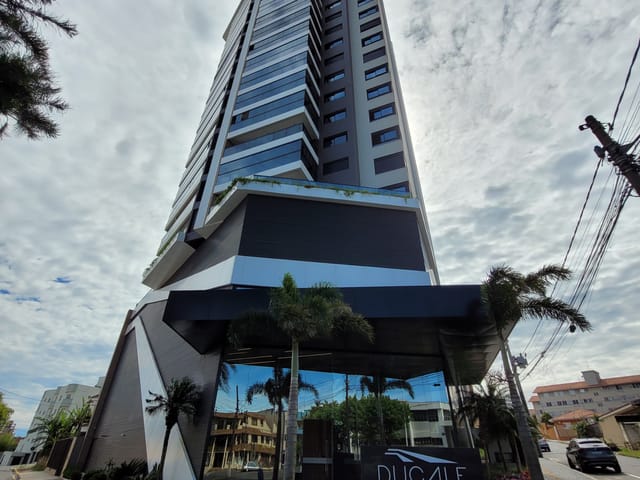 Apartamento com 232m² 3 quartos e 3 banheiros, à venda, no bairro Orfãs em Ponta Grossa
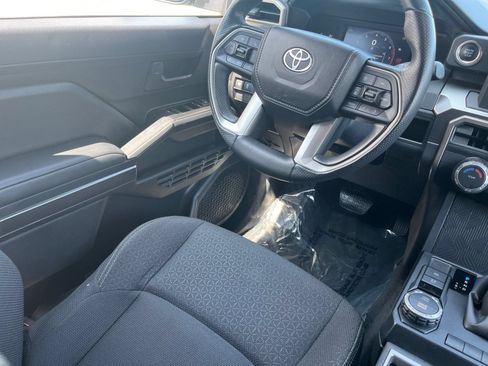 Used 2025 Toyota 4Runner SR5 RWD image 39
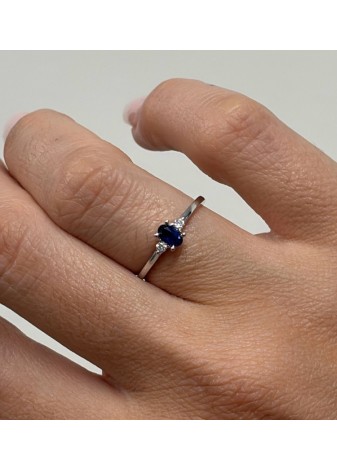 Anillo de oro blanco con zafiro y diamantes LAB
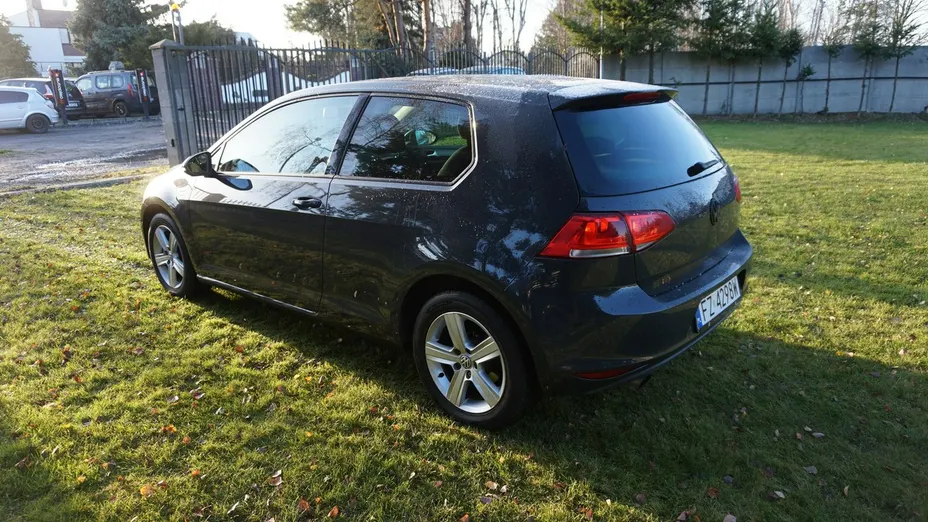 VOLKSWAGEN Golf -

-------

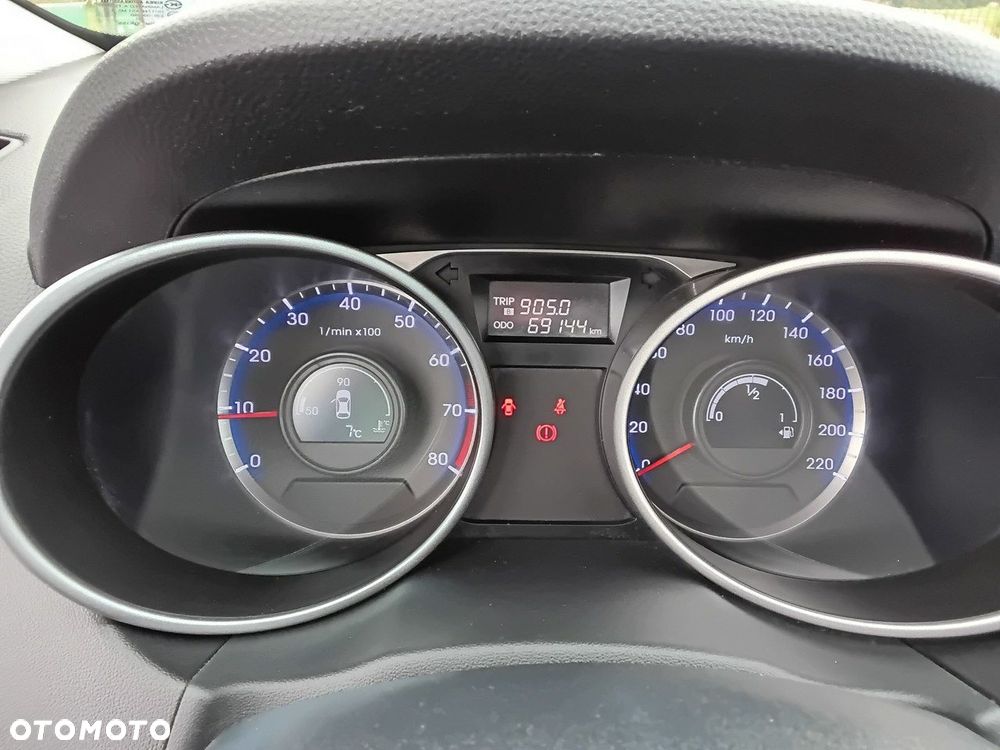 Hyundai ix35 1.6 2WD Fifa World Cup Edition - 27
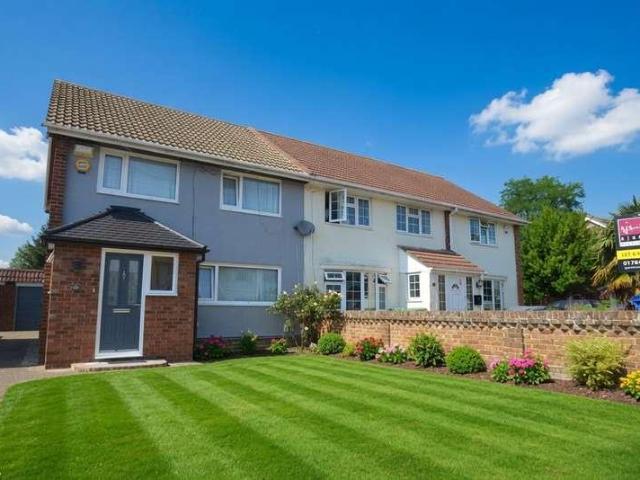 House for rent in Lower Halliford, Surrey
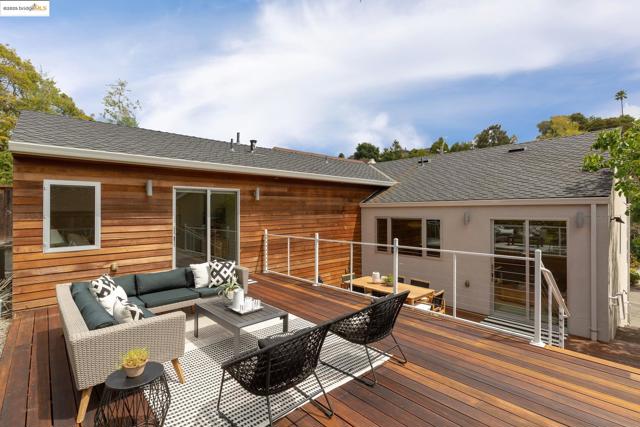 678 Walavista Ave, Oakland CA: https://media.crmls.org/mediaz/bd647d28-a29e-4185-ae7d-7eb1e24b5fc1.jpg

-------

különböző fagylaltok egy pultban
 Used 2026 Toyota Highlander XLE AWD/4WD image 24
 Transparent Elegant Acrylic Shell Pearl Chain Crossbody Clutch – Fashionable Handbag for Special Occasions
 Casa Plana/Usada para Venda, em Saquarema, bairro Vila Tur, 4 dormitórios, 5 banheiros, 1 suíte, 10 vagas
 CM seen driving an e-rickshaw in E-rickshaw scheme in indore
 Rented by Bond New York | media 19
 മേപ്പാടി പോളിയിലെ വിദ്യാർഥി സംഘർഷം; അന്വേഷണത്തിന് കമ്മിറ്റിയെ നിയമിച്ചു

-------

▶ EXERCISE
Which lines run from the one holding "különböző fagylaltok egy pultban" through the one holding "Rented by Bond New York | media 19" in the records above? Repeat them exactly, both included, and nothing more.

▶ RESULT
különböző fagylaltok egy pultban
 Used 2026 Toyota Highlander XLE AWD/4WD image 24
 Transparent Elegant Acrylic Shell Pearl Chain Crossbody Clutch – Fashionable Handbag for Special Occasions
 Casa Plana/Usada para Venda, em Saquarema, bairro Vila Tur, 4 dormitórios, 5 banheiros, 1 suíte, 10 vagas
 CM seen driving an e-rickshaw in E-rickshaw scheme in indore
 Rented by Bond New York | media 19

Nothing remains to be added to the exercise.